Malaga from a different perspective

My well-deserved weekend was spent half on the beach and half on the town exploring some of Malaga's main sights. I started my Sunday by having my very favourite breakfast at the terrace of El Pimpi, one of Malaga's most famous and most traditional restaurants. This breakfast consists of toast with tomato paste and olive oil, a café con leche and a glass of natural orange juice. I have to say that I've had better versions of the tostada con tomate elsewhere, but breakfast is probably not what El Pimpi specializes in. The coffee, however, was good and the location left little to be desired.










El Pimpi's terrace is located just opposite to the oldest historical monument in Malaga, the Roman Theater, built in the 1st century AD and discovered in 1951. For many years, the theater was half-buried under the Casa de Cultura (Cultural Center). In 1995, a decision was made to abolish the Casa de Cultura, and after the excavation works and many years of restoration, the theater was reopened for public in 2011. It is definitely worth the visit for anybody interested in history, and especially beautiful at night time when it's lit.

Right above Roman Theater lies what is perhaps Malaga's most emblematic monument, the Alcazaba palatial fortress that dates back from the city's muslim period. Though not as grand nor a well-known as the Alhambra of Granada, the Alcazaba is said to be the best preserved Moorish fortress palace in Spain.






I had already visited the Roman Theater and the Alcazaba a few weeks back, so it was time for me to head higher and visit another important landmark of Malaga, the Castillo de Gibralfaro (Gibralfaro Castle), originally built to house troops and protect the Alcazaba. After the reconquest of the city, Ferdinand the Catholic made Gibralfaro his temporary residence.

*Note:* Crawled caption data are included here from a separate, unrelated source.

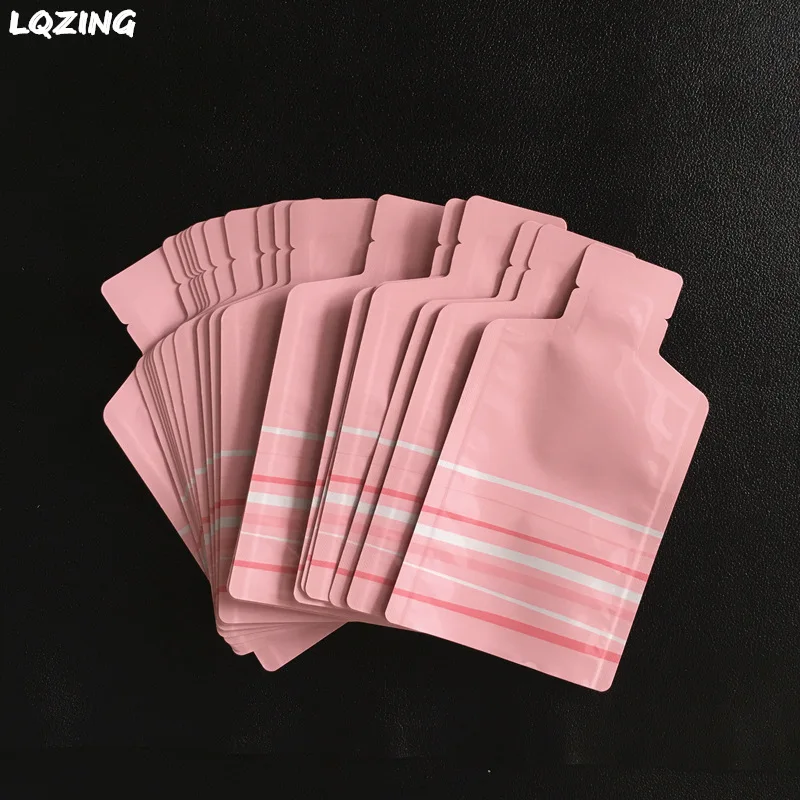 

Pink Smell Proof Foil Bag Bottle Shaped Pouch Powder Liquid Heat Sealed Packing Bags For Makeup Cream Samping Small Wrapping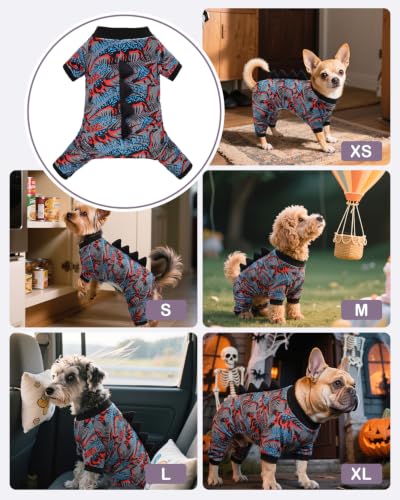 Dinosaur Costume Dog Pajamas (X-Small / Retro Dino Grunge)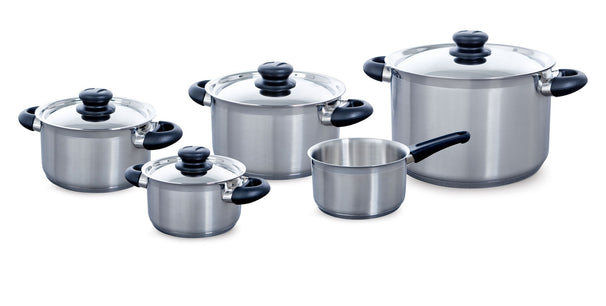 BK Batería de cocina Karaat+ Acero Inoxidable 5 piezas - Ollas ø 16, 18 & 20 cm, Cazo ø 16 cm & Olla para sopa ø 24 cm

Nowadays, most tourists visit the castle because of the spectacular views of city it offers. If you don't enjoy walking, you can take a bus from the city center. But if you don't mind the exercise, a well-paved way up to the castle leaves from very near the Alcazaba entrance. The walk takes somewhere around 20 to 30 minutes, depending on how many times you want to stop to enjoy the scenery.  The climb is pretty steep, but the views are forth it. Once you reach the top, you can walk around the whole perimeter of the fortress and enjoy Malaga from a different perspective. The entrance fee is only 2,20€ - or if you are lucky like me and happen to visit the castle on a Sunday after 2 pm, you don't need to pay anything.